Le président nigérian, Goodluck Jonathan, a exprimé son soutien au peuple français au lendemain des attaques terroristes contre Charlie Hebdo. Mais sur les attentats de ce week-end et sur le massacre qui s'est déroulé à Baga, sur son propre territoire, pas un mot. Le mouvement «Bring Back Our Girls», lancé en avril après l'enlèvement de plus de 200 lycéennes par Boko Haram, lui aussi s'est tu. Les «filles de Chibok» n'ont jamais été retrouvées. «Il y a massacre et massacre, se désole Simon Allison sur le site panafricain Daily Maverick. Face à Baga, le monde est resté silencieux. Et pire encore, l'Afrique est restée silencieuse.» Mais encore faut-il des informations pour relayer l'horreur. Le massacre de Baga, sur les rives du lac Tchad, aurait fait 2 000 morts, selon une source de la BBC. Amnesty International en recense plusieurs centaines. L'armée nigériane avance, quant à elle, le chiffre de 150 victimes. Cela pourrait être plus. Cela pourrait être moins. Personne aujourd'hui n'en a la moindre idée. Pour les journalistes qui travaillent au Nigeria, couvrir la guerre contre la secte islamiste Boko Haram est devenu une mission impossible. Et tout le nord-est du pays, une zone totalement inaccessible.

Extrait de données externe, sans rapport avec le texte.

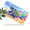 Colorful Sea Turtle, variant on 1 Pcs 2D Flat License Plate Covers & Frames, Deer in Autumn For Decorative Front, Waterproof For Decoration Aluminum License Plate Covers & Frames Cover For Men Women, 12" X 6"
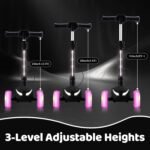 24V Electric Scooter for Kids w/150W Powerful Motor, Thumb Throttle, LCD Screen, Bluetooth, Light-Up Stem Deck & Wheels, 3 Adjustable Heights, 5MPH Safe Speed, 3 Wheel Electric Scooter for Kids - Image 5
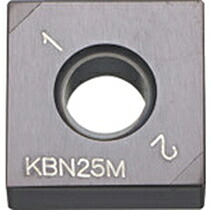 京セラ 旋削用チップ コーティングCBN KBN25M 1個(SNGA120408S01225ME-K) 取り寄せ商品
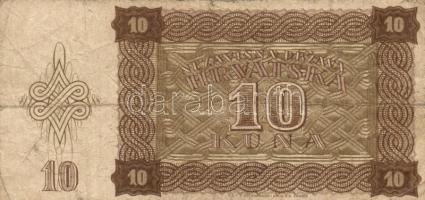 Horvátország 1941. 10K + 500K + 1000K + 1943. 5000K T:III,III-
Croatia 1941. 10 Kuna + 500 Kuna + 10...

«Nous devons attendre que les survivants des massacres arrivent dans des régions plus sécurisées pour savoir exactement ce qui s'est passé, rapporte le chef du bureau de l'AFP à Lagos, Phil Hazlewood. Boko Haram a attaqué une base militaire de l'armée nigériane le 3 janvier, ils ont ensuite perpétré des massacres dans les villages, mais nous n'en avons appris l'existence que plusieurs jours plus tard.» L'une des stratégies de combat de Boko Haram est de détruire les antennes téléphoniques dans les zones qu'ils contrôlent, empêchant l'armée et les civils de s'organiser.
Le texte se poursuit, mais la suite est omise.